TASK MATERIAL:
◆ ◆ ◆ ◆ ◆
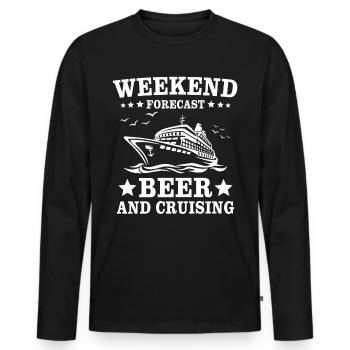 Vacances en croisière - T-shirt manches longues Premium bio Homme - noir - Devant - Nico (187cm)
◆ ◆ ◆ ◆ ◆
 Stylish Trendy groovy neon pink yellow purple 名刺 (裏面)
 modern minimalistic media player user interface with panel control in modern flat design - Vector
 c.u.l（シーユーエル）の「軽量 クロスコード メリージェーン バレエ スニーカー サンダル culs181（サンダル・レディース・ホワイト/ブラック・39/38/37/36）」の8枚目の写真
◆ ◆ ◆ ◆ ◆
AIM OF THE TASK: Everything above from the line containing "Stylish Trendy groovy" through the line containing "c.u.l（シーユーエル）の「軽量 クロスコード メリージェーン" must be copied exactly. Nothing outside that range belongs in the answer.

WRITTEN RESPONSE:
 Stylish Trendy groovy neon pink yellow purple 名刺 (裏面)
 modern minimalistic media player user interface with panel control in modern flat design - Vector
 c.u.l（シーユーエル）の「軽量 クロスコード メリージェーン バレエ スニーカー サンダル culs181（サンダル・レディース・ホワイト/ブラック・39/38/37/36）」の8枚目の写真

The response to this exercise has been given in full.